Miss J. Hunter Dunn, Miss J. Hunter Dunn,
Furnish'd and burnish'd by Aldershot sun,
What strenuous singles we played after tea,
We in the tournament - you against me!

Love-thirty, love-forty, oh! weakness of joy,
The speed of a swallow, the grace of a boy,
With carefullest carelessness, gaily you won,
I am weak from your loveliness, Joan Hunter Dunn.
[...]
We sat in the car park till twenty to one
And now I'm engaged to Miss Joan Hunter Dunn.

The poem was published in Cyril Connolly's Horizon magazine in February 1941. Betjeman invited Hunter Dunn to lunch, and presented her with a copy of the magazine containing the poem, begging her forgiveness. In an interview in The Sunday Times magazine in 1965, illustrated with photographs by Lord Snowdon, she said: "It was such a marvellous break from the monotony of the war. It really was remarkable the way he imagined it all. Actually, all that about the subaltern, and the engagement is sheer fantasy, but my life was very like the poem."

=== Later years ===
She married Harold Wycliffe Jackson, a civil servant in the Ministry of Information, in January 1945, at St Mark's Church in Farnborough. Betjeman was invited, but was unable to attend. The poem was republished in Betjeman's book New Bats in Old Belfries in 1945, and was later mentioned in Flanders and Swann's "Tried by Centre Court".

Joan went abroad with her husband, who ran an upcountry radio station in Singapore. They then lived in Singapore, before returning to the UK in 1955. Harold worked for ITV and then for the BBC in Rhodesia. He died of a heart attack in 1963.
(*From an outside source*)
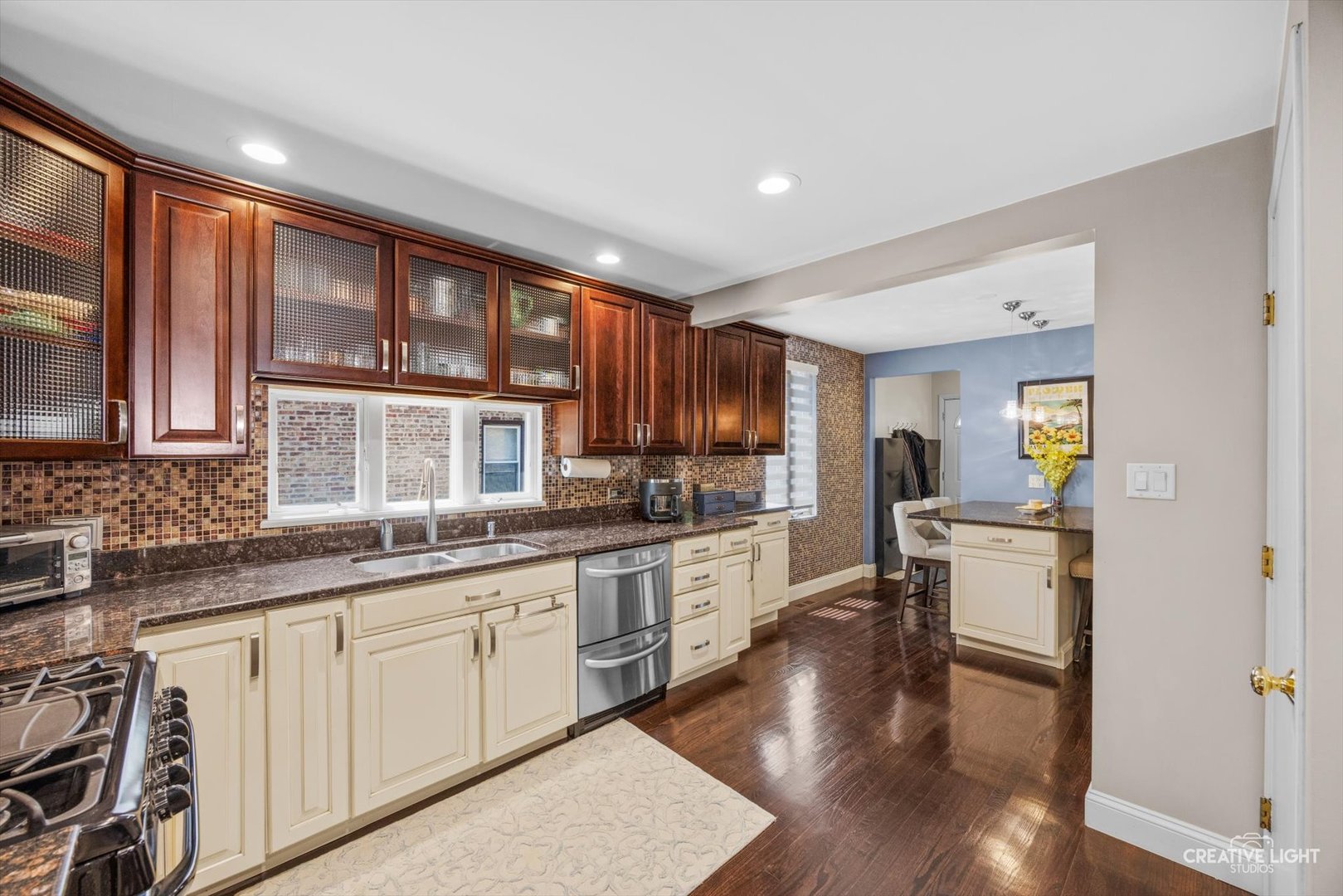 4438 N Nagle Avenue Property Photo 15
She returned to their home, in Headley, Hampshire, to raise their three young boys (Andrew, Charles and Edward). Despite straitened finances, all three attended Winchester College. She attended the memorial service for Betjeman at Westminster Abbey in 1984. Her letters from Betjeman, contained in a bureau, were stolen in a burglary in 1996.

She was survived by her three sons, one of whom (Edward) continued the family's sporting tradition by representing Cambridge University at both football and cricket.